Deciding how much goes to each of your beneficiaries is usually the harder part. If you are leaving assets to your children and distributing unevenly, you need to consider how is that compensated for?

Generally speaking, distributing assets evenly is the easiest way to minimise fighting. It’s not always practical though, as every situation is different. Perhaps you made a generous gift to one child to purchase their first home or complete an advanced degree? Maybe you have one child in a high-earning family while the other could really do with the financial help?

Everyone’s default when planning to leave assets to their children is to be fair, but fair isn’t always an equal split.

If you’re having difficulty agreeing on a plan for the division, consider speaking with your beneficiaries directly about what fair looks like to them. Speaking to them doesn’t mean you have to abide by their wishes but their input could help you in your planning.

Once agreed, hire an estate planning lawyer to draft your will.

Legacies you can leave

Broadly speaking, there are five types of legacy you can leave. Examples of these legacies include:

  • A pecuniary bequest allows you to leave a fixed sum of money eg. “I leave $10,000 to my son” 
  • A reversionary bequest allows you to specify what happens if the person you leave it to dies eg. “I leave my share of my house to my wife if she survives me, but if she does not survive me then it will pass to my daughter” 
  • A residuary bequest allows you to leave a percentage of whatever your estate is worth after any debts, costs, liabilities, legacies, and tax have been paid eg. “I leave half of my estate to my brother”
  • A specific bequest allows you to leave a specific item of which you own eg. “I leave my jewellery to my granddaughter” 
  • A trust bequest allows you to say who you would like to benefit from your property immediately after your death and then who you would like to benefit from your property once the first person you have chosen to benefit immediately after your death has died. 

Leaving assets out of marriage

If you’ve got a life partner but no marriage, civil union or domestic partnership certificate, estate planning is a must. Without it, neither of you will inherit from each other and neither of you will have a say in the other’s end-of-life medical care.

One way to protect your shared assets is to ensure your big-ticket items, such as houses and cars, are owned together in joint tenancy with rights of survivorship. That way, if one of you dies, the survivor automatically owns 100% of the property. To do this you’ll need to put both your names on the asset’s official title document – for example, your car’s certificate of title or the deed to your house.

If you’d prefer not to share ownership of all your assets or you want to share superannuation accounts you’ll need other ways to make sure your assets get to your partner following your death.

Valuable assets – bank, investment and retirement accounts – may not pass through your will, so ask for a beneficiary designation form from the bank or account custodian. Use this form to name the person you want to inherit the funds. If you change your mind later, you can simply request another form and fill out a different person’s name.

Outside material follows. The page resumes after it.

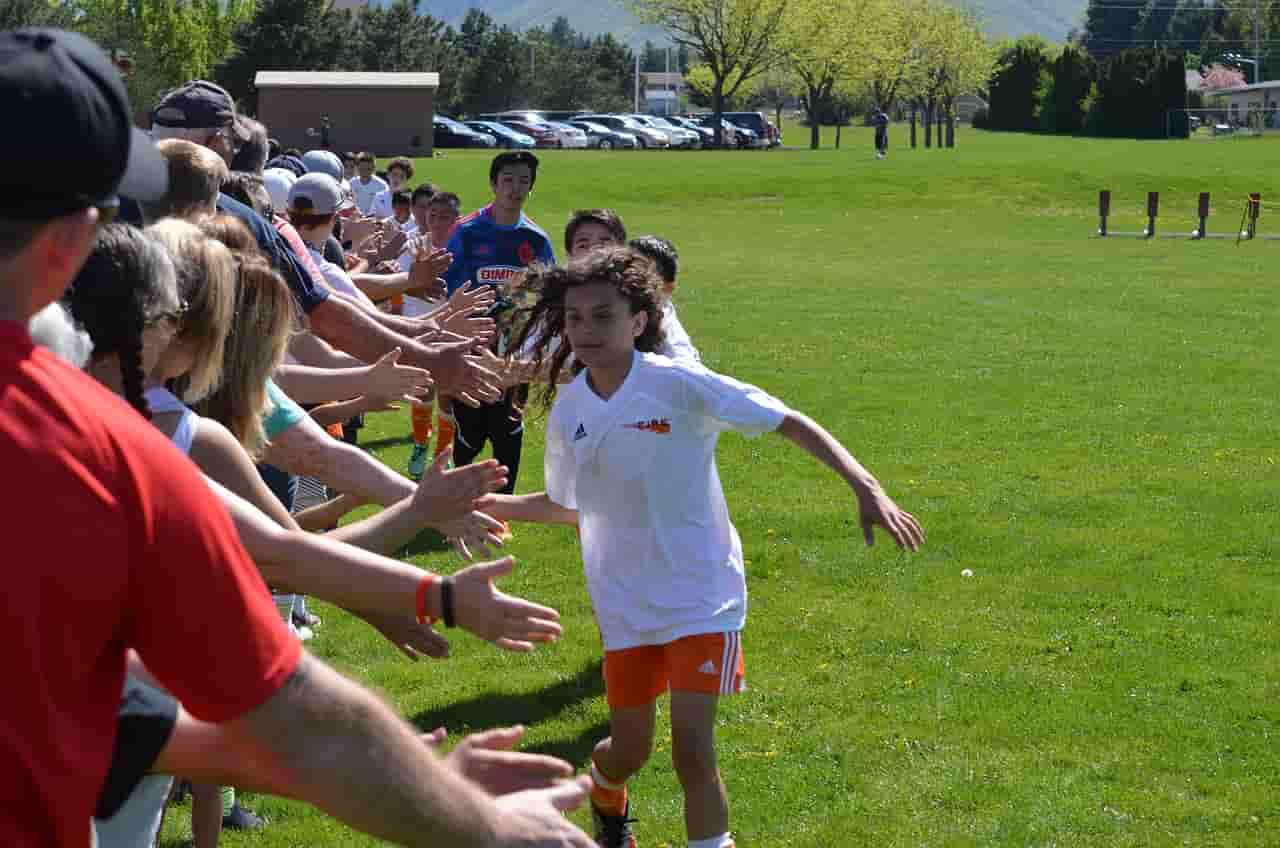 覃海洋犯规成绩被取消，规则意识的重要性与体育精神的体现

Why you can’t afford to put off drafting a will

You might not consider yourself rich, but no matter where you believe you stand on the socio-economic ladder you will always need a will. Much more than a transfer of an inventory of assets, your will is a legal document that allows you to:

  • Choose who will receive your assets after you die.
  • Avoid family squabbles about your estate.
  • Choose who will be responsible for managing your estate (i.e. your executor).
  • Provide for children from a previous relationship.
  • Provide for a de facto or same-sex partner who may not automatically be entitled to your estate.
  • Exclude a beneficiary who would otherwise get part of your estate.
  • Leave a charitable gift.
  • Take care of the needs of disabled loved ones.
  • Avoid needless taxes.
  • Take control of your own decision-making and publicly declare your values and wishes.
  • Tell your executor what you want for your funeral.
  • Make decisions about organ donation and medical research.
  • Deal with the vexed issues of former partners/spouses and blended families.